The upgrade, which required no changes from existing users, caps a sequence of launches over the past two months that collectively assemble a full-stack platform for building and running AI agents. Ruskin Constant, Rui Figueira, and Sofia Cardita from the Browser Run team write:
AI agent builders discovered Browser Run and quickly brought request volumes outpacing our existing capacity.
That demand spike forced an architectural rethink. Browser Run previously shared infrastructure with Cloudflare's Browser Isolation (BISO) product, where long, steady human sessions clashed with the short, spiky usage patterns of AI agents. The rebuild moved to dedicated Containers with regional pools of pre-warmed browsers, migrated state management from Workers KV (eventual consistency causing race conditions) to D1 with Queues (transactional assignment, batch writes handling up to 500,000 containers per location), and eliminated the multi-step WebSocket choreography for quick actions in favor of single HTTP requests executed entirely inside the container.

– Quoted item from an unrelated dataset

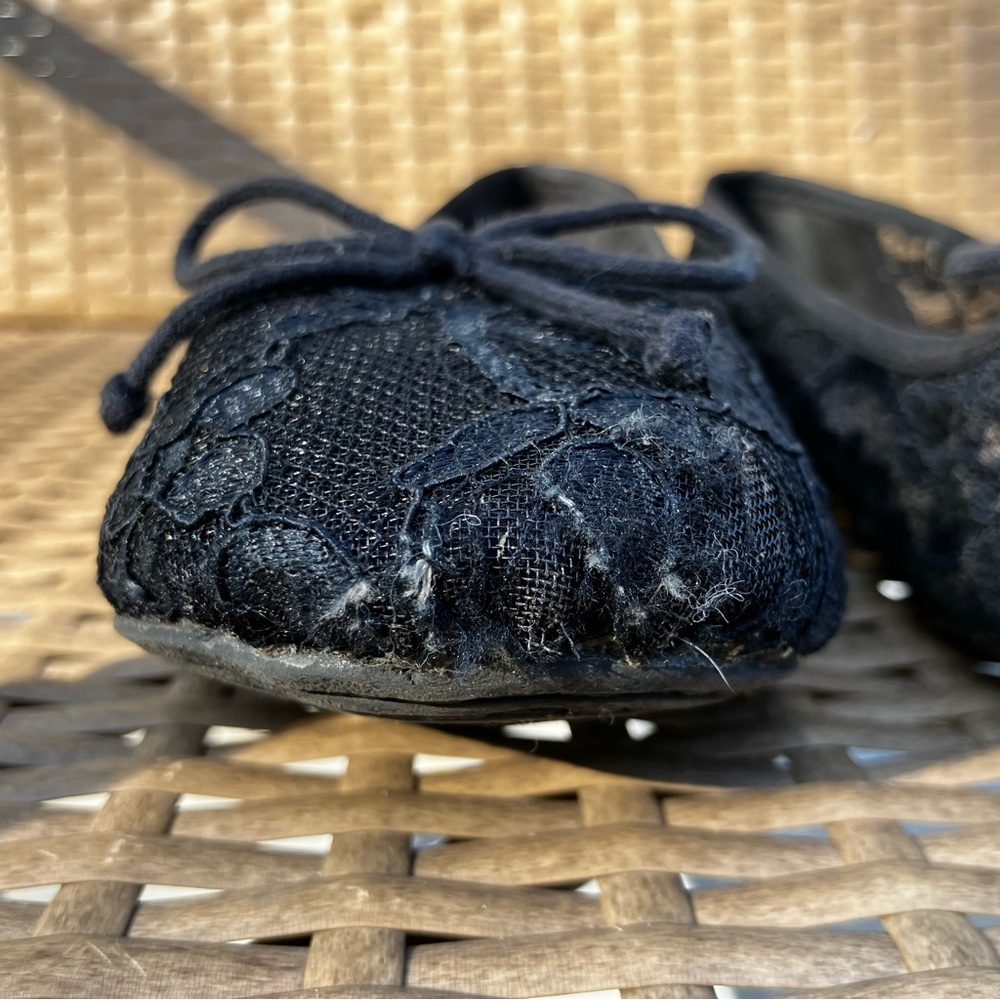 Mossimo Supply Co. Women's Black Lace Flats - Picture 4 of 9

Browser Run is the browsing layer, but the broader story is the platform. Over the past two months, Cloudflare has shipped six distinct infrastructure primitives that together cover every layer an agent platform needs:
- Compute comes in two tiers. Dynamic Workers provide V8 isolate-based execution that boots in milliseconds for lightweight tasks such as lint, typecheck, and API calls. Sandboxes, now generally available, provide full Linux containers for when agents need git, bash, dev servers, and multi-language builds, with secure credential injection via egress proxy so agents never see raw tokens.

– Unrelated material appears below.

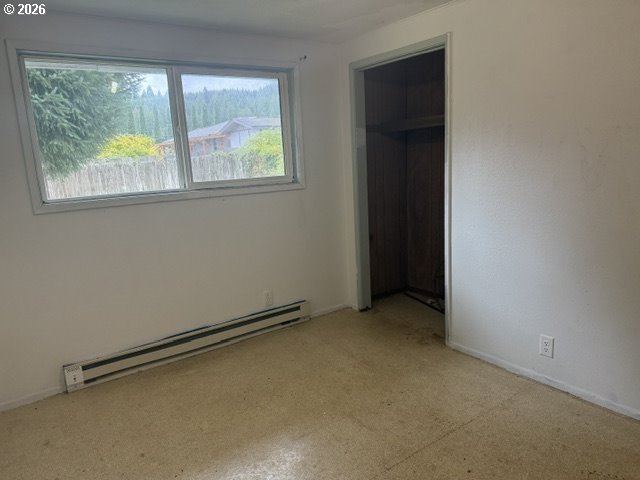 11766 Walnut Ave Property Photo 6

- Orchestration is handled by Dynamic Workflows, a roughly 300-line MIT-licensed library that extends Cloudflare's durable execution engine so workflow code can differ per tenant, agent, or request at runtime. Every step is independently retryable, every sleep hibernates for free, and idle tenants cost approximately nothing.

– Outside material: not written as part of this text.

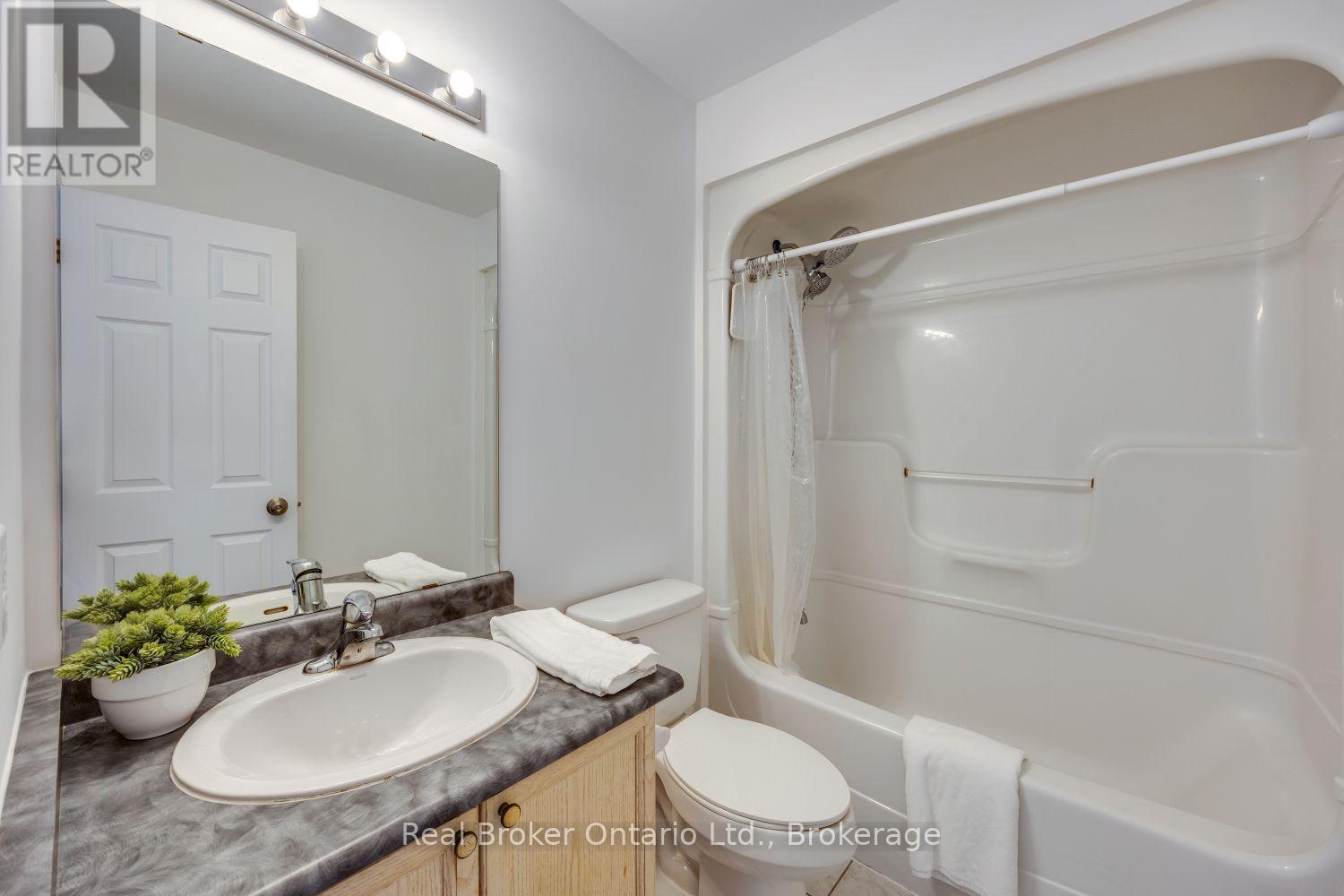 213 Hutton Place, Clarington, Ontario  L1C 5K1 - Photo 30 - E14106660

- Memory is provided by Agent Memory, currently in private beta. The service extracts structured memories from agent conversations using a dual-pass ingestion pipeline and retrieves them through five-channel parallel search with Reciprocal Rank Fusion. Shared memory profiles let teams of agents access common knowledge.
- Browsing is now Browser Run on Containers, giving agents headless Chromium instances they can control via the DevTools Protocol or the Agents SDK. The WebMCP addition enables Model Context Protocol interactions directly through the browser.
- Commerce rounds out the stack. Through a protocol co-designed with Stripe, agents can autonomously create Cloudflare accounts, register domains, start subscriptions, and deploy to production. Stripe handles identity and payment with a $100/month default spending cap per provider.
The competitive question is whether this constitutes the most complete agent infrastructure offering outside the hyperscalers. AWS has Bedrock AgentCore with Agent Registry, but no managed browser or agent memory equivalent. Google Cloud has GKE Agent Sandbox, but as a Kubernetes-native primitive rather than a managed platform service. Neither offers anything comparable to the commerce protocol.
Cloudflare's bet is different from both: a vertically integrated stack where every layer is edge-distributed across its global network, every binding is heading toward a dynamic per-tenant counterpart, and the platform itself is what Cloudflare calls "Customer Zero" for, running its own products on the same infrastructure it sells. Whether this integration advantage outweighs the hyperscalers' broader ecosystem remains an open question for platform teams evaluating where to build their agent infrastructure.
Browser Run improvements are live now on all Workers plans. The Agents SDK includes built-in Browser Run support.